AVAILABLE DATA:
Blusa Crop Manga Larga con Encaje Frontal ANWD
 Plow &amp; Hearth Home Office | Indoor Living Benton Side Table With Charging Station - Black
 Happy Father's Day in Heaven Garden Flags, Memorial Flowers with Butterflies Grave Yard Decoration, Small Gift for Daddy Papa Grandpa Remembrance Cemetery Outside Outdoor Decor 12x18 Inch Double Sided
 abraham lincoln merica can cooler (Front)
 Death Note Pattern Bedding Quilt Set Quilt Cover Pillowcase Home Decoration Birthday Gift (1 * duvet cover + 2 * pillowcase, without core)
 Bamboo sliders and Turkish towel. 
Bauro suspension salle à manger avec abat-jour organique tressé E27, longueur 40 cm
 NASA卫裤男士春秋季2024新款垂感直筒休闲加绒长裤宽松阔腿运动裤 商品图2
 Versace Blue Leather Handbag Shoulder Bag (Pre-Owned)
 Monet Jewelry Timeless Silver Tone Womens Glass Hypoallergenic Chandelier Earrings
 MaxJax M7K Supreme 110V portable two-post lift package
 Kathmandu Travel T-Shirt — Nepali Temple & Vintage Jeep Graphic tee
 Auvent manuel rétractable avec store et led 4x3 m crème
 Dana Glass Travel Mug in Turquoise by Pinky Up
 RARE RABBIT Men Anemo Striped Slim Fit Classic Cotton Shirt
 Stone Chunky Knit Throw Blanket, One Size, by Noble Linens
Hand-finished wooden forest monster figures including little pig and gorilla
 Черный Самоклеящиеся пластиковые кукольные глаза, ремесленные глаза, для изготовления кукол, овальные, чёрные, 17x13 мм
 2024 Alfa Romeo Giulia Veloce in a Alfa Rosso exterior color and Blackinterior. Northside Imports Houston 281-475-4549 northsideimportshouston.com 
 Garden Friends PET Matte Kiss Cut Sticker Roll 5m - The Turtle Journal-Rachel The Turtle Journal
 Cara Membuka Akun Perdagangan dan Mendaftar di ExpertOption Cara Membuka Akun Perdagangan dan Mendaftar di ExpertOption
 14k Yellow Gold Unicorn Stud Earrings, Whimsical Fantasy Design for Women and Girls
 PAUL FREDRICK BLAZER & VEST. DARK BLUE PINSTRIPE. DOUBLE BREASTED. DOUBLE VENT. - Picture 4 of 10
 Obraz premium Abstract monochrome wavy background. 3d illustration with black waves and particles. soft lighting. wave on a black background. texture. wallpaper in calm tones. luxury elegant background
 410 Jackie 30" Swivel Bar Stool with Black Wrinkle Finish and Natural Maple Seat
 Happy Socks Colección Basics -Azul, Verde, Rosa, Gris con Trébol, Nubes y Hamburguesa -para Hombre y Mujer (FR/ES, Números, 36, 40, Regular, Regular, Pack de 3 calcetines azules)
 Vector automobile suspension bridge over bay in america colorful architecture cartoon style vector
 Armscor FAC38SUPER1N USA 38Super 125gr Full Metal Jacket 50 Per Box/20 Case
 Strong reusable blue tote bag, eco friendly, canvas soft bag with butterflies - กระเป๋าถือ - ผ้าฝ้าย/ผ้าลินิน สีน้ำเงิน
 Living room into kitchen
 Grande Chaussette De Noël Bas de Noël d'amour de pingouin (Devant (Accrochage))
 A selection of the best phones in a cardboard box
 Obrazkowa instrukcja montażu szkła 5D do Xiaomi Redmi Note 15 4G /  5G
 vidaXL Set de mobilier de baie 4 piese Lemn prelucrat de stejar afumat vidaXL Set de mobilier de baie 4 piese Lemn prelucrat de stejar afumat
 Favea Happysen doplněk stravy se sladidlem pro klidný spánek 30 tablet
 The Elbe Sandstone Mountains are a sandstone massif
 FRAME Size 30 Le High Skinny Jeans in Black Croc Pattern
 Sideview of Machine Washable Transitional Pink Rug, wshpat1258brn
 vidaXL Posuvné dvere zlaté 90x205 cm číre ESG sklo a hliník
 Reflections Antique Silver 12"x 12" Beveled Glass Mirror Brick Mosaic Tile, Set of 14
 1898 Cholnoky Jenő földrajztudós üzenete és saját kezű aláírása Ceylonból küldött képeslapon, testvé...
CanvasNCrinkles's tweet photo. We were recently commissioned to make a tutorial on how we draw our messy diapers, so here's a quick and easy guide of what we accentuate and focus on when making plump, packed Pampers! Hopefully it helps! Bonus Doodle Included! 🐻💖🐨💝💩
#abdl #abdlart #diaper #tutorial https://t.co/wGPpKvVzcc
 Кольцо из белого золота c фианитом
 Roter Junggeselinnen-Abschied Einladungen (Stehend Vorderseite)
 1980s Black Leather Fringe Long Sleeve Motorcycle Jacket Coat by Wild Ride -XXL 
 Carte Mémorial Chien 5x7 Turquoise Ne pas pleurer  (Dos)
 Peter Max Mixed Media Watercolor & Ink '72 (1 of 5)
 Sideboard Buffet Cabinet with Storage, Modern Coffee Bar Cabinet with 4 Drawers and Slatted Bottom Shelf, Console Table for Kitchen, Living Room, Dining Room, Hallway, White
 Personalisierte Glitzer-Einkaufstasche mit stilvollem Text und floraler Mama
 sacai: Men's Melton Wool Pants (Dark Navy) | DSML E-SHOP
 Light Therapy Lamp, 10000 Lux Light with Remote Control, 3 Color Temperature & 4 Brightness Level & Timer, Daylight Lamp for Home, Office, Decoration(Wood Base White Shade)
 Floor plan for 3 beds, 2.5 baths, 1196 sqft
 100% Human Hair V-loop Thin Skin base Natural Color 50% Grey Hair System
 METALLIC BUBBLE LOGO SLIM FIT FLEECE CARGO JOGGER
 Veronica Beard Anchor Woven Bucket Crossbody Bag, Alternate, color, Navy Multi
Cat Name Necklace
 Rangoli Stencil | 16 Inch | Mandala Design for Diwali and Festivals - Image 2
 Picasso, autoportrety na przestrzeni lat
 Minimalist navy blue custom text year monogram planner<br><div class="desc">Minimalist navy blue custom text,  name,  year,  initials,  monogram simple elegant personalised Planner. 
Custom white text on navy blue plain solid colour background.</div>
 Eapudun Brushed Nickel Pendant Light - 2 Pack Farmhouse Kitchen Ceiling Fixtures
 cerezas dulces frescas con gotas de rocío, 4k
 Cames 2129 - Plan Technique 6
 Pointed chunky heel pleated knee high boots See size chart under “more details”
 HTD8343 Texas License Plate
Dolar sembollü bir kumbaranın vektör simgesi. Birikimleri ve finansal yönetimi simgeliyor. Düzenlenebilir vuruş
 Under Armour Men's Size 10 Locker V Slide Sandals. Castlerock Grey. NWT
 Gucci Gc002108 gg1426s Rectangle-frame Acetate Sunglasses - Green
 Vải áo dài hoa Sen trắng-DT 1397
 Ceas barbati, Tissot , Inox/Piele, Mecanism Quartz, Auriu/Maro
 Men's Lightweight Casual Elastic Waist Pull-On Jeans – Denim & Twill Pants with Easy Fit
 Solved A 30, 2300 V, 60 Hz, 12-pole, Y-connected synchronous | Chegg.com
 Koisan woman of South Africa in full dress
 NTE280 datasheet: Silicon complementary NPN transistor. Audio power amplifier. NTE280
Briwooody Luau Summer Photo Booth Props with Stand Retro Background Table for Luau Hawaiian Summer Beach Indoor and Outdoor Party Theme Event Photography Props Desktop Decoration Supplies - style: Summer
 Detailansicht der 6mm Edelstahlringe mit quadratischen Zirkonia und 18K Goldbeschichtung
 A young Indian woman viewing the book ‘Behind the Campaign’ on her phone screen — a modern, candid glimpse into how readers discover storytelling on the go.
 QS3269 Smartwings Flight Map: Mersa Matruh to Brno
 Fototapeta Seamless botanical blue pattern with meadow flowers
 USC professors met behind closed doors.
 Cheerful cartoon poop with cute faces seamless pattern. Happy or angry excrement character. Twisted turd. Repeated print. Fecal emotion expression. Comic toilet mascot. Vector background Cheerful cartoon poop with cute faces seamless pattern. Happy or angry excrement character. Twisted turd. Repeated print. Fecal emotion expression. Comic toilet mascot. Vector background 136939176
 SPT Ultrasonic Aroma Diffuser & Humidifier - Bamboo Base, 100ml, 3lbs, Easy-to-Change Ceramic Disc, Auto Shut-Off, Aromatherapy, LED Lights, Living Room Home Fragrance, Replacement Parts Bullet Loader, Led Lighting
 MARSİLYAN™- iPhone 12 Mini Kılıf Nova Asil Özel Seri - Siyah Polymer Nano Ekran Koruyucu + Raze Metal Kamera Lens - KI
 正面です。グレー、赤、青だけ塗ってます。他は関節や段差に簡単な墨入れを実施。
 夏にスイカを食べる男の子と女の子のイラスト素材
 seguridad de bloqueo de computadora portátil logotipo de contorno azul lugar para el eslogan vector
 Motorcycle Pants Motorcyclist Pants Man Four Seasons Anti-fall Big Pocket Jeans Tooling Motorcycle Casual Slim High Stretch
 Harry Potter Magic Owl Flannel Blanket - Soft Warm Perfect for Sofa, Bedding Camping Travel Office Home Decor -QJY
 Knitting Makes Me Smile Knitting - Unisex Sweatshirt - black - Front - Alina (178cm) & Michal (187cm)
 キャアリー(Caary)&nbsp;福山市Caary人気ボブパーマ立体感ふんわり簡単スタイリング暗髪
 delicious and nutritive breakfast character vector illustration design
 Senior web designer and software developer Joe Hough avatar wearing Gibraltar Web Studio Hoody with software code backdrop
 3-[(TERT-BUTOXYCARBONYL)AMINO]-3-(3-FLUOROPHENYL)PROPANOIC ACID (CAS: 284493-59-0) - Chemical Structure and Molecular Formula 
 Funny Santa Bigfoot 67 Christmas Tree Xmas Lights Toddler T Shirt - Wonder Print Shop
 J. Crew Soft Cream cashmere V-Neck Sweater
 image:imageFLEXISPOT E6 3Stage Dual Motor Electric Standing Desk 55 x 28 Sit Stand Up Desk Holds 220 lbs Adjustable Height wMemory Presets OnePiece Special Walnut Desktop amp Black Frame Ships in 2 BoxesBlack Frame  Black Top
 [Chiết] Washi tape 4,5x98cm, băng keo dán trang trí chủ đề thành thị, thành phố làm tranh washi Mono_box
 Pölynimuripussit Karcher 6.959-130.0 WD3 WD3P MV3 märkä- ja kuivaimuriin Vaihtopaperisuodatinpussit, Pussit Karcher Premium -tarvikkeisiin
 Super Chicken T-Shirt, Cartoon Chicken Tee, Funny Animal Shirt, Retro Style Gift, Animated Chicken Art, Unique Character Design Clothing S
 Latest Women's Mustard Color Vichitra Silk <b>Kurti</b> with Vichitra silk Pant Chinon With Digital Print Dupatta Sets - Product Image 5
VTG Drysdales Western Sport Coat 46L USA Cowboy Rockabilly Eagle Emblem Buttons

TRY IT: Find the line with "1980s Black Leather" in the entries above. Retype it and each line after it, exactly, through the line with "Cat Name Necklace", and stop there.

EXERCISE SOLUTION:
 1980s Black Leather Fringe Long Sleeve Motorcycle Jacket Coat by Wild Ride -XXL 
 Carte Mémorial Chien 5x7 Turquoise Ne pas pleurer  (Dos)
 Peter Max Mixed Media Watercolor & Ink '72 (1 of 5)
 Sideboard Buffet Cabinet with Storage, Modern Coffee Bar Cabinet with 4 Drawers and Slatted Bottom Shelf, Console Table for Kitchen, Living Room, Dining Room, Hallway, White
 Personalisierte Glitzer-Einkaufstasche mit stilvollem Text und floraler Mama
 sacai: Men's Melton Wool Pants (Dark Navy) | DSML E-SHOP
 Light Therapy Lamp, 10000 Lux Light with Remote Control, 3 Color Temperature & 4 Brightness Level & Timer, Daylight Lamp for Home, Office, Decoration(Wood Base White Shade)
 Floor plan for 3 beds, 2.5 baths, 1196 sqft
 100% Human Hair V-loop Thin Skin base Natural Color 50% Grey Hair System
 METALLIC BUBBLE LOGO SLIM FIT FLEECE CARGO JOGGER
 Veronica Beard Anchor Woven Bucket Crossbody Bag, Alternate, color, Navy Multi
Cat Name Necklace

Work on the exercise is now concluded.